A team of professionals
at your service
At D’Eux-Mêmes, the quality of the service is as important as the tasted flavors. That’s why we make it a highlight that our staff in the dining room, as in the kitchen is irreproachable. Smile, good mood, attention and dynamism are the watchwords of our team!
By enjoying your meal at Eux-Mêmes in Rouen, whether with family, colleagues, friends or for a romantic meal, you are assured of the quality of service accompanied by the pleasure of gastronomy. Our team will guide you according to your tastes on the most suitable choices while advising you on the wine that will marry best with your menu.
Portrait of the Chef, Nicolas Deschamps
Nicolas Deschamps, our Chef, began his career in Rouen as apprentice chef at the ‘Petit Bateau’ and apprentice-pastry cook at Divonne-les-Bains in a 2-star restaurant. After this he worked in Michelin-starred restaurants in the Paris area. Returning to Normandy as senior sous-chef, he spent 16 years working with Jean-Luc Tartarin at the ‘Folie du Bois des Fontaines‘ in Forges-les-Eaux. Nicolas Deschamps developed his experience at ‘La Villa‘ then at the ‘Jean-Luc Tartarin‘ restaurant in Le Havre, before joining David & Amélie for the D’Eux-Mêmes adventure.
Chef Nicolas Deschamps loves unprocessed food product. Its passion is expressed daily in the choice of flavours, blend of textures and combination of regional products. The Chef works with fresh products, locally-sourced whenever possible.
A team of 8 staff do the cooking at D’Eux-Mêmes: 1 Chef, 1 senior sous-chef, 1 Chef de Parti & 1 pastry cook, each with an apprentice. Because passing on expertise is a fundamental value of our restaurant, every three months we rotate the apprentice-chefs through each role to help them make a complete and fulfilling discovery of their profession. All our staff are involved on a daily basis to develop and improve recipes.
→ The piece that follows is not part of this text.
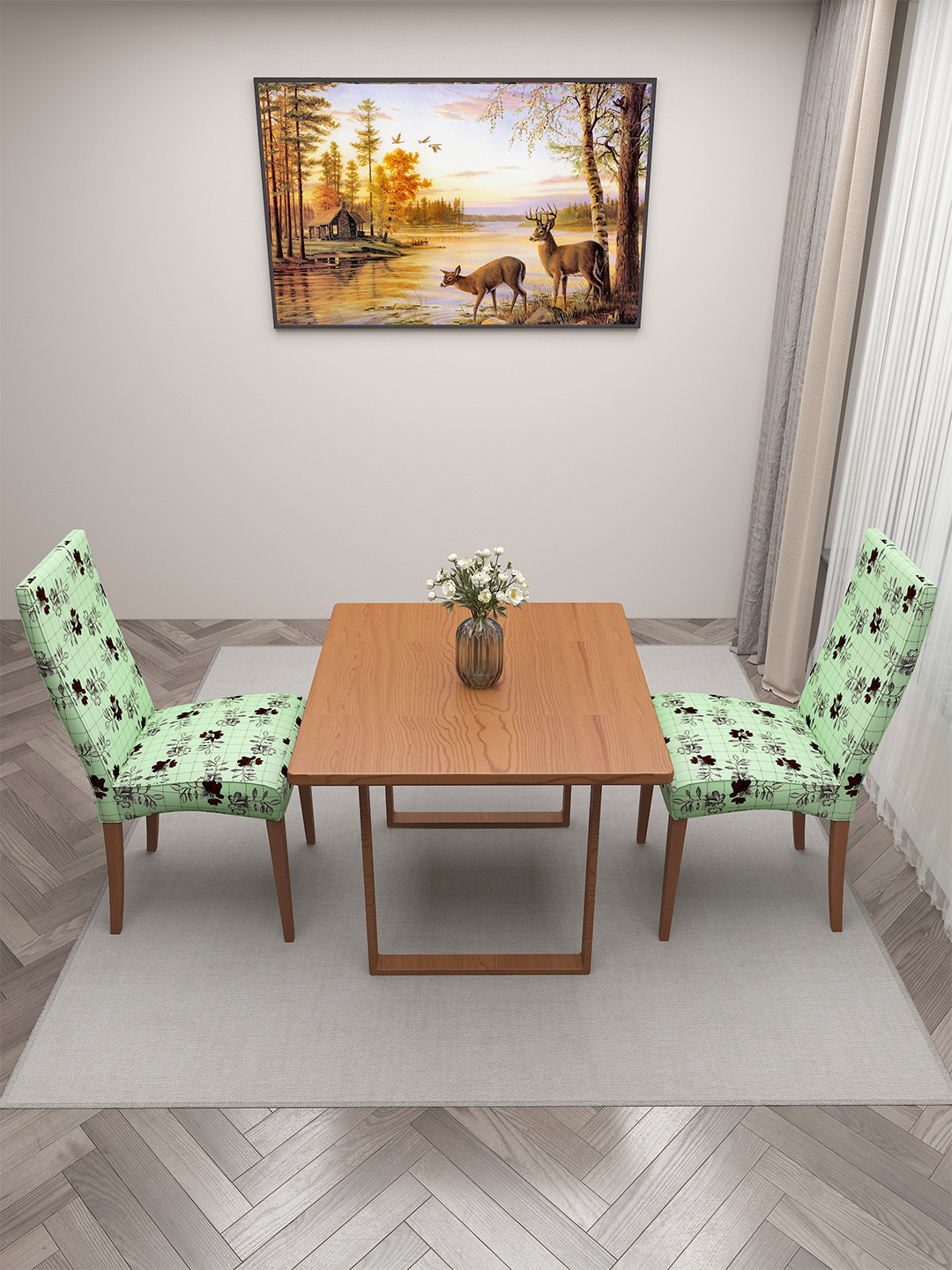

DREAM CARE Green & Coffee Brown 2 Pieces Printed Chair Covers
D’Eux-Mêmes is much more than a restaurant, it’s a commitment.
D’Eux-Mêmes, La Cuisine Qu’On Aime®
A few words about David & Amélie…
Son of a restaurateur (his parents owned ‘L’Auberge de la Pomme aux Damps’), David Oper was instilled with real values: respect for products, taste for fresh produce, relentless work… “There is an innate knowledge of products because we have been immersed in this world since our childhood.”
He studied at a Sommeliers’ College then cut his teeth as a professional in prestigious establishments: Laserre, La Tour d’Argent… A born adventurer, David Oper then travelled to Britain, United States, Indonesia and Australia to broaden his experience. Finally, he returned to Rouen and spent 7 years working in a prestigious family group and played an active part in creating several brand names on the square in Rouen. “I got a lot of pleasure from developing six restaurants in Rouen…”
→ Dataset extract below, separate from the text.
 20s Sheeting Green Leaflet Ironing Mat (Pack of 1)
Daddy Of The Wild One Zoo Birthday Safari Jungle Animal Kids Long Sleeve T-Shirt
David Oper, recognised Disciple Escoffier (as sommelier), advocates the values of taste and passing on expertise as standards of his passion. Finally, he proudly searches constantly for ideas, renewal and consistency in service quality. “You have to be satisfied at any point in the week, whether lunchtime or evening, whether or not the restaurant is full.”